'Güneydoğu’da neler oluyor?’ demeye gerek yok, neler olmuyor ki!Ancak bu merhalede asıl görülmesi gerekli olan öncelikle şudur: Bir coğrafyada devlet varsa, silah kullanma hakkı ve silah kullanma izni verme yetkisi sadece hâkim olan devlete aittir. O hâkimiyete karşı silah kullananlar ise neticesine katlanırlar.
Mes’ele, bugün bu..
Kimin haklı veya haksız olduğu konusu, bu merhaleden sonra, silahlara bırakılmış demektir. Çünkü ortada haklılık veya haksızlık yerine, silah gücüne güvenen iki taraf var ki, birisi diğerine ‘Pess..’ dedirtene kadar bu devam edecek.
Gerçekte ise ‘Kemalist-Laik-Türkçü’ rejimin bunca çarpıklıklarının neticesi devşiriliyor bugün. Ama ne kadar ilginçtir ki, o bozukluklardan devlet mekanizmasının direksiyonunda bulunanlar durumu normalleştirmeye çalıştıkça, bir başkaları, bu irinli yarayı daha da yaymaya, bünyenin bir septisemi’ye, kan zehirlenmesi merhalesine ulaşması için ellerinden gelen her türlü şeytanî yönteme başvuruyorlar; uluslararası bütün emperyalist güçlerin de desteğiyle.
***
Uluslararası entrikalar ise reddi mantıken mümkün olmayacak netlikte. Amerikan Dış Bakanlığı Sözcüsü John Kirby’nin 8 Şubat günü yaptığı açıklama birçok konuya açıklık kazandırıyor. Kirby, ‘Türkiye’nin, YPG’yi terörist olarak gördüğünü bildiklerini ancak ABD’nin, YPG’yi terörist olarak görmediğini, kendilerini desteklemeyi sürdüreceklerini’ söylüyordu.
***
Rusya lideri Putin de, Türkiye’yle ortaya çıkan uçak düşürme buhranından sonra, ‘Türkiye’yle savaşmayacağız, ama mukabelemizin sadece ekonomik tedbirler olduğu sanılmasın. Daha başka tedbirlerimiz mukabelelerimiz de olacak’ demişti. Nitekim PKK’nın elinde, en kalın beton duvarları ve tank zırhlarını delip geçen Rus yapımı, tek kişilik roketler olduğu görülüyor. Ve şimdi de, ‘Türkiye Kürt halkına soykırım uyguluyor’ diye resmî açıklamalar yapılıyor.
***
Anlaşılıyor ki bu coğrafyalar için yeni Sykes - Picot’lar istiyor emperyalistler. Onların derdi buradaki insanların birbirlerini öldürmemesi değil.. Kendi hayat değerlerine teslim olmuş kişi veya kadroların tahakkümünün sağlanması.

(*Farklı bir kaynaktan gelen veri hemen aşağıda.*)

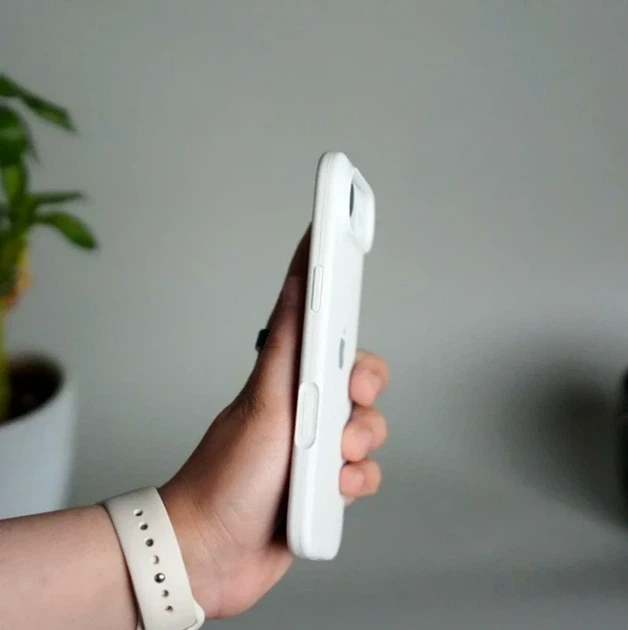 Чехол силиконовый Full Cover для iPhone 17 Air защита камеры белый - Фото 6 Чехол силиконовый Full Cover для iPhone 17 Air защита камеры белый - изображение 6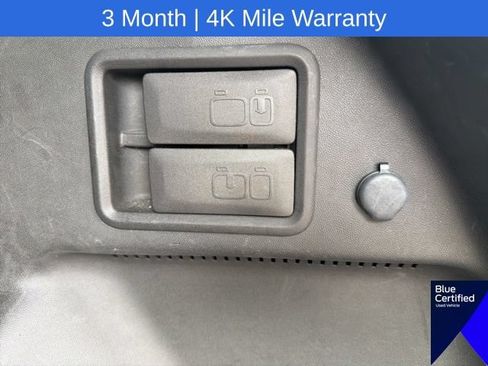 Used 2021 Chevrolet Equinox LT AWD/4WD image 12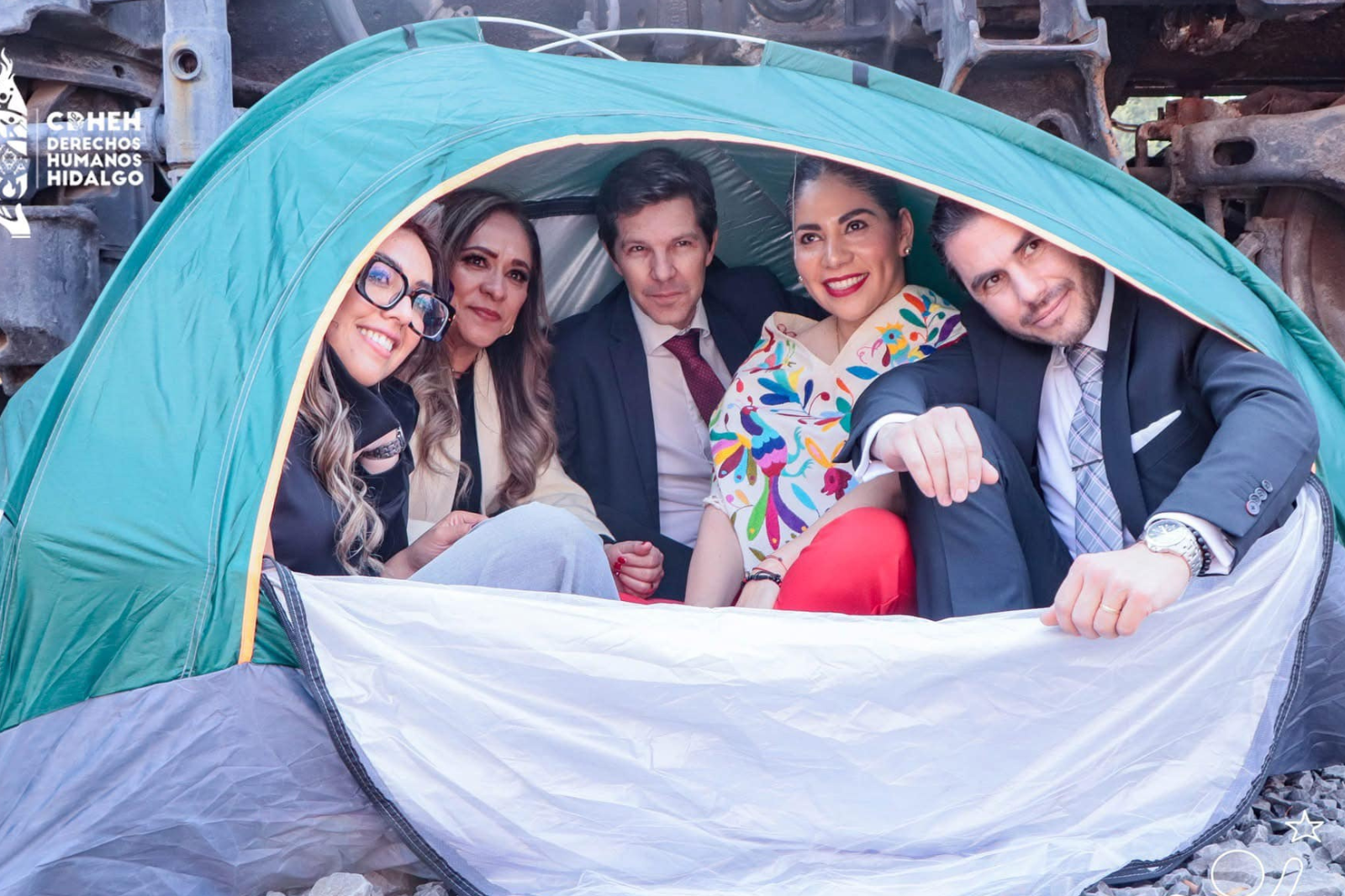 ¡No es un juego! Señalan a la CDHEH de revictimizar a migrantes con su reciente actividad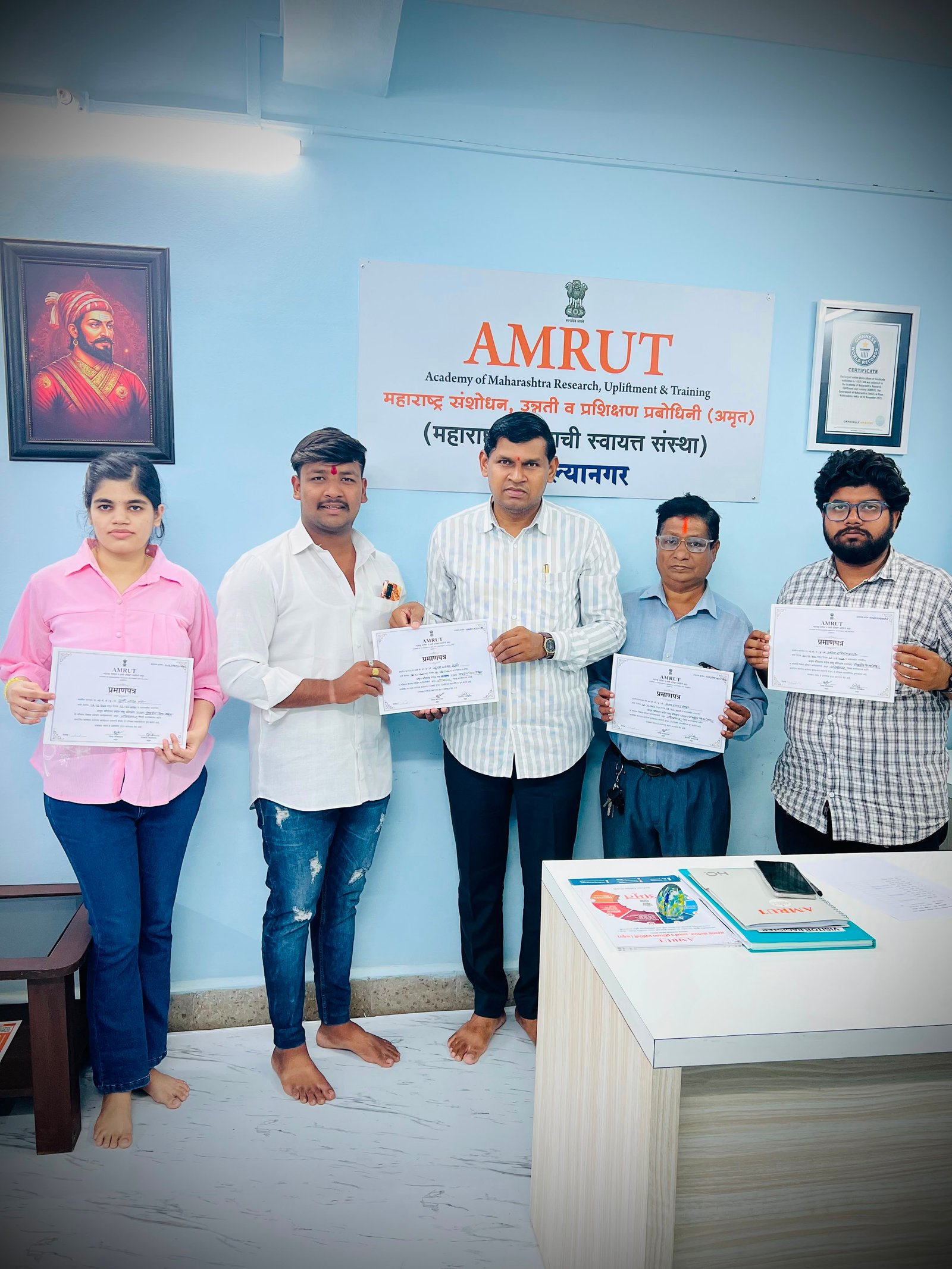 अहिल्यानगर अमृत कार्यालय येथे "अमृत मोबाईल फिल्म मेकिंग" प्रशिक्षणाचे प्रमाणपत्र वितरण संपन्न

Buna karşı bizim tek geçerli silahımız, inanç bağımız ve İslam kardeşli-ğidir.
Bütün entrika ve düşmanlık oluşturma çabalarına rağmen bu ülkenin çeşitli etnisitelerine mensup insanları/ halkları arasında, şeytanî güçlerce etnik farklılıklara dayalı bir düşmanlık bereket ki, oluşturulamamıştır. Çünkü bu halkları birbirine bağlayan şu veya bu rejimin vatandaşlık bağı değil, asırlardır birbirine kardeş yapan inanç bağıdır.
***
Diyanet İşleri Başkanı’nın, bugünlerde doğu ve güneydoğudaki bölgede inanç adına yaralara merhem sürmeye daha da ağırlık verdiği görülmekte.. Bu durum bazılarınca din istismarı gibi gösterilmek istense de aslında samimiyetle yapılması gereken zaten budur ve geç bile kalınmıştır.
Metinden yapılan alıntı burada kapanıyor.